Le huis clos du budget, où traditionnellement les partis d’opposition et les représentants de la société civile pouvaient accéder, a connu des modifications significatives dans son organisation. Autrefois, ces élus pouvaient interagir librement avec les journalistes et les fonctionnaires du ministère des Finances.

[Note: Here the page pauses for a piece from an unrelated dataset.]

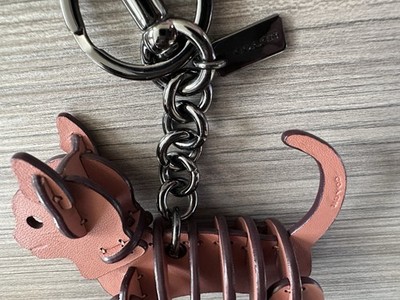 COACHキーホルダー Coach Leather 3D Small Cat Puzzle Skeleton Bag Charm Keychain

Cependant, depuis la pandémie, le nombre de personnes autorisées à entrer dans la salle a été considérablement réduit, créant ainsi un climat d’exclusion pour les oppositions.

Un appel à la révision des pratiques

Le Parti libéral du Québec a également dénoncé ces nouvelles restrictions, mettant en lumière qu’auparavant, des échanges ouverts et sans contraintes avaient lieu pendant de telles séances. Une porte-parole de l’opposition a souligné que le gouvernement devrait envisager de revenir à une approche plus collaborative, permettant aux membres de la représentation oppostionnelle d’accomplir leur travail efficacement.

Un constat mitigé

Le député péquiste Pascal Paradis, quant à lui, a affirmé ne pas avoir ressenti de pression excessive durant la séance. Toutefois, il a reconnu que son expérience était très récente, se limitant à sa première participation à une réunion budgétaire, ce qui rend difficile toute évaluation comparative à ce stade.